Your task -
Restate word for word the entries below, starting at the line with "Lewis Wickes Hine." and ending at the line with "Syringes filled with". Keep both end lines and omit the pictures.

Material provided -
• • • • • • •

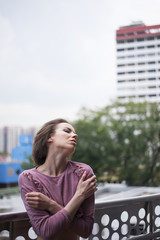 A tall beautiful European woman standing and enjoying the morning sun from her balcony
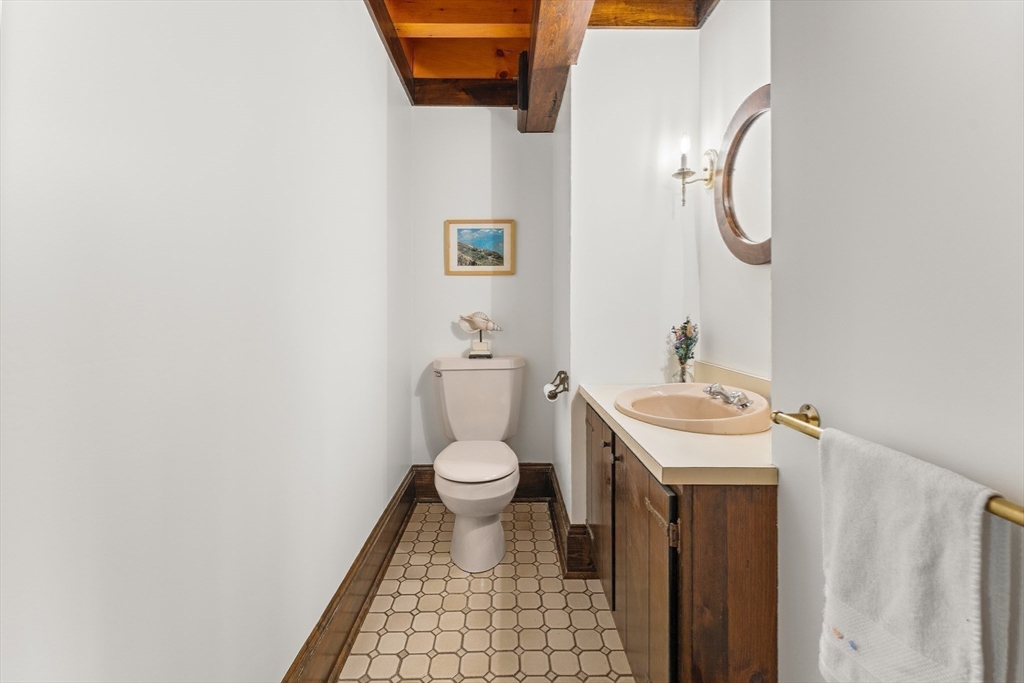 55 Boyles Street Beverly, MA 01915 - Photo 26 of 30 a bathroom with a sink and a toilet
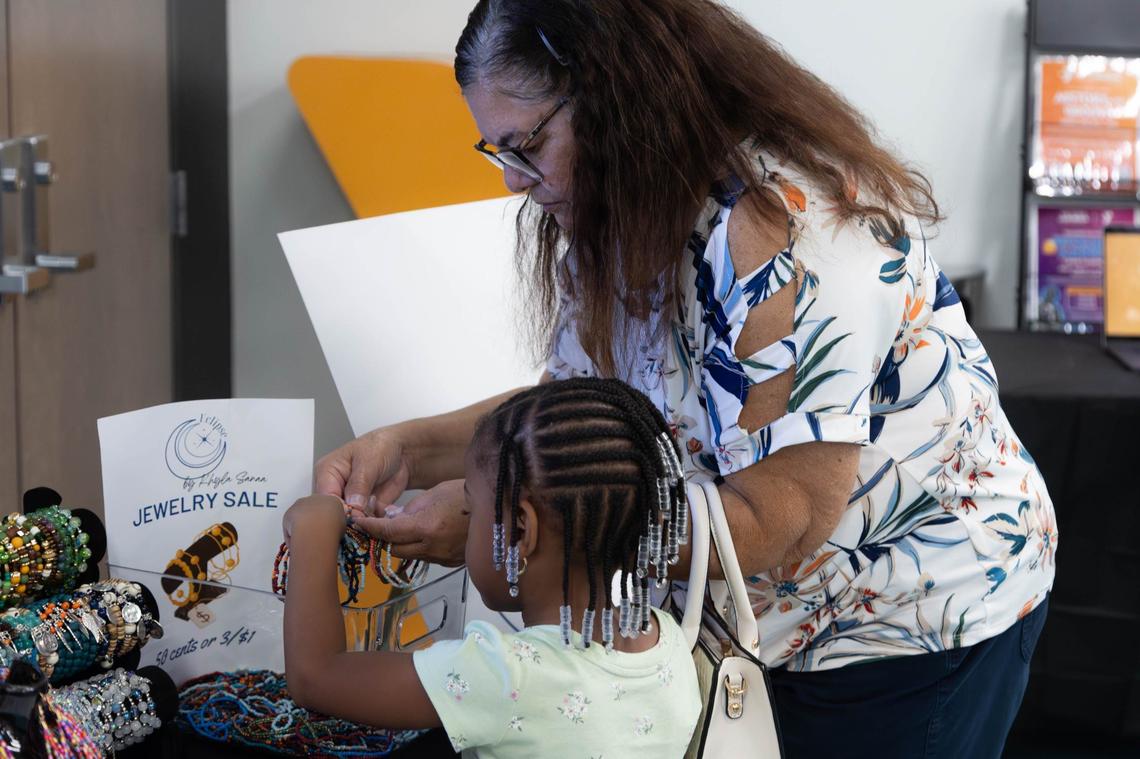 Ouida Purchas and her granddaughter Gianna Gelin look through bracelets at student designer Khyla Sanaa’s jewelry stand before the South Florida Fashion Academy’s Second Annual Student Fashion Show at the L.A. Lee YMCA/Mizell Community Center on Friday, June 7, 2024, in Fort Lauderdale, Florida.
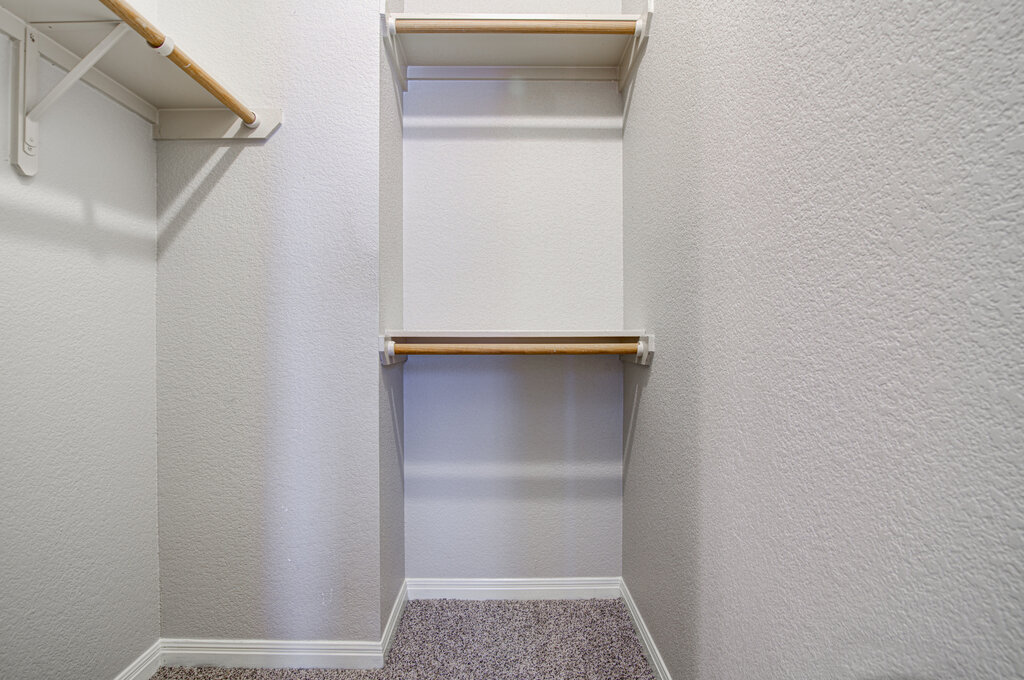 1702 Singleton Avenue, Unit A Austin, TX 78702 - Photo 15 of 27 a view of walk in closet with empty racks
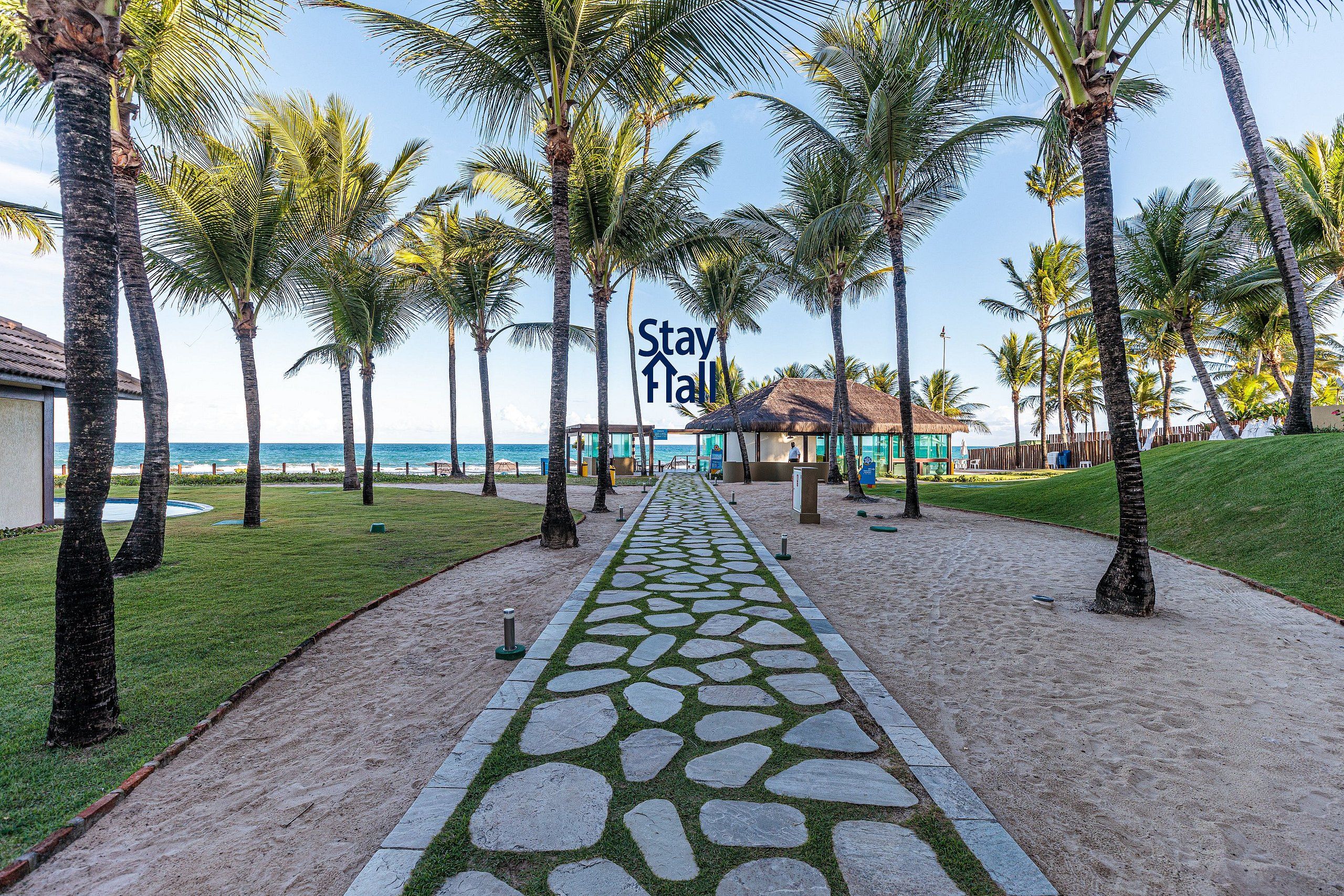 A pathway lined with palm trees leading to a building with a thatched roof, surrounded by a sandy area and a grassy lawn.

• • • • • • •

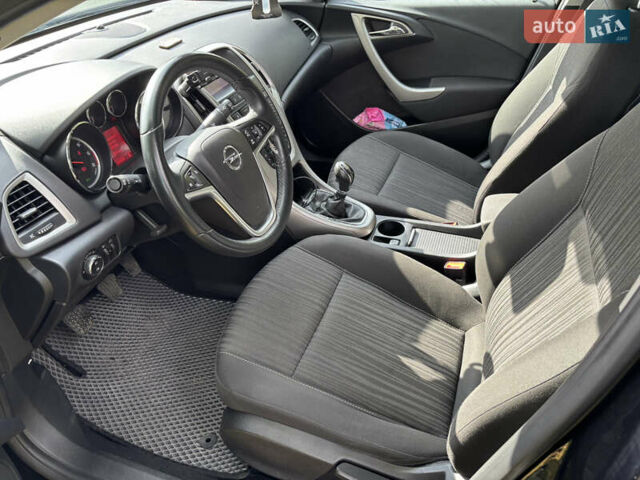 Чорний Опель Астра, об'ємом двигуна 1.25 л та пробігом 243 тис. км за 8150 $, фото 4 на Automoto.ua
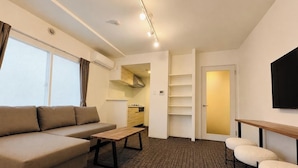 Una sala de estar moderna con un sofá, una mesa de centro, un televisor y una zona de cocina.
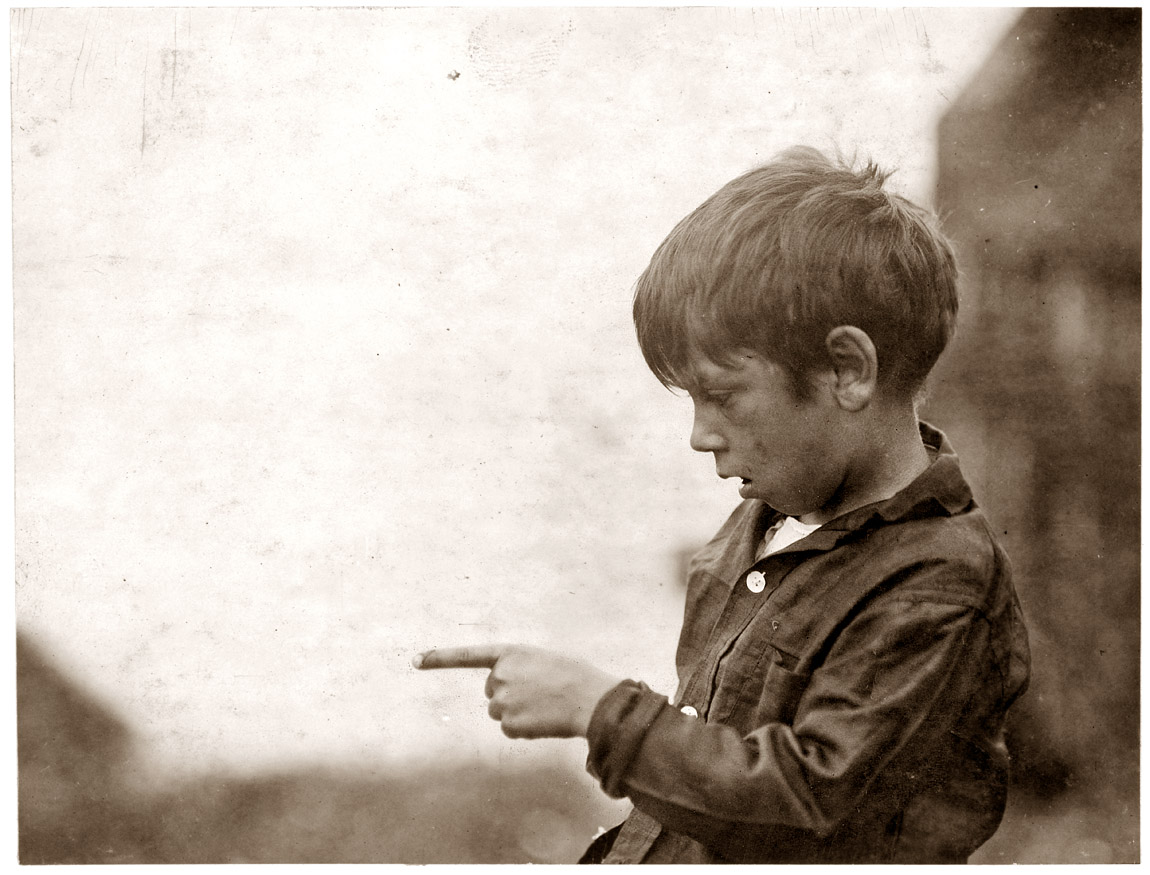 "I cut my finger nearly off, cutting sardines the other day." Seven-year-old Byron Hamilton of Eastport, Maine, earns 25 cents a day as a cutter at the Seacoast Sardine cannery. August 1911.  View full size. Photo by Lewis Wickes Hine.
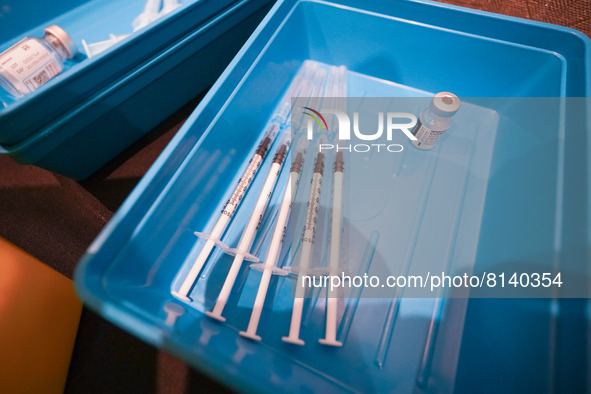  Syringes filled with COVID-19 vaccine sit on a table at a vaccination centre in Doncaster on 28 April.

• • • • • • •

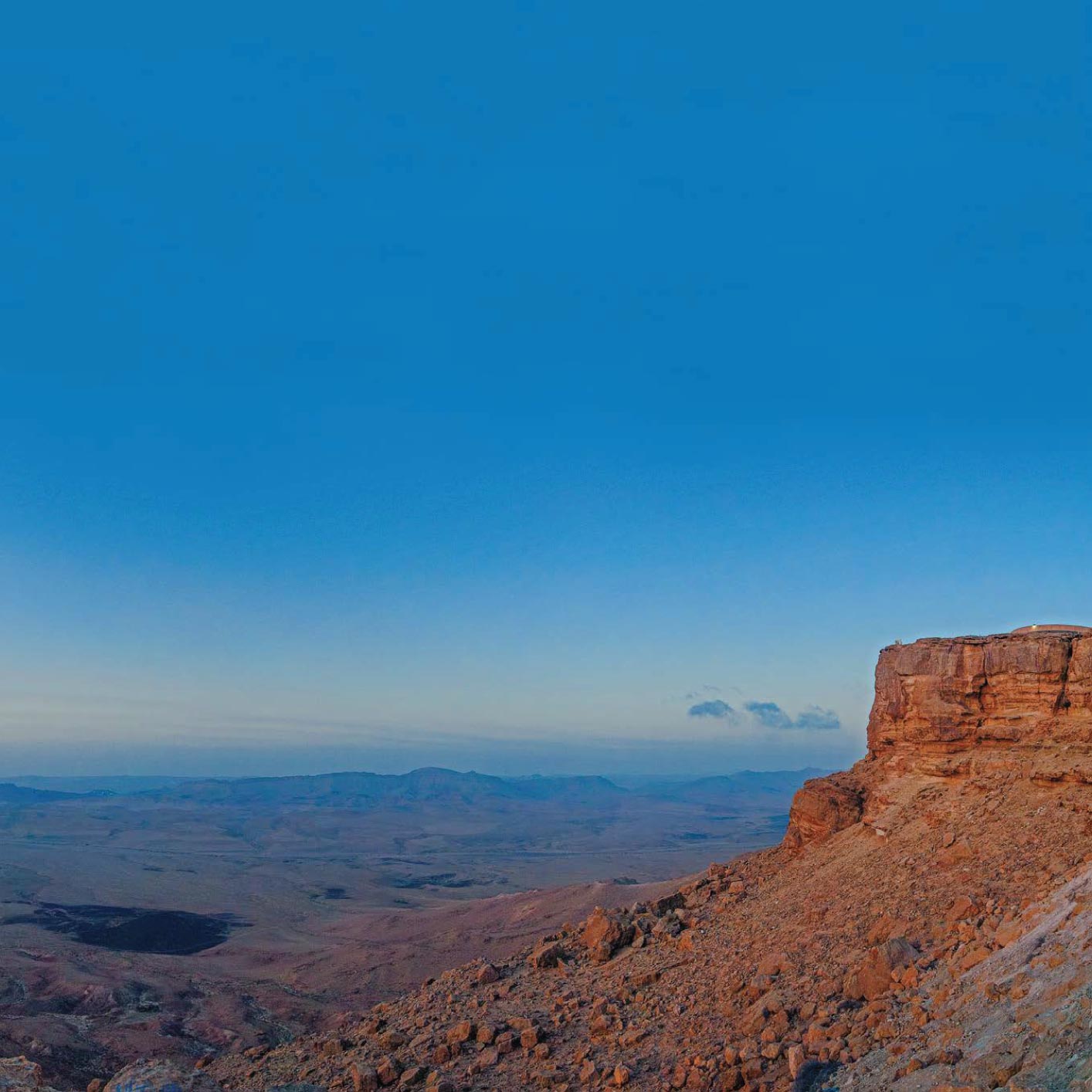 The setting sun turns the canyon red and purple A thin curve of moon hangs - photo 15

• • • • • • •

Problem solution -
 "I cut my finger nearly off, cutting sardines the other day." Seven-year-old Byron Hamilton of Eastport, Maine, earns 25 cents a day as a cutter at the Seacoast Sardine cannery. August 1911.  View full size. Photo by Lewis Wickes Hine.
  Syringes filled with COVID-19 vaccine sit on a table at a vaccination centre in Doncaster on 28 April.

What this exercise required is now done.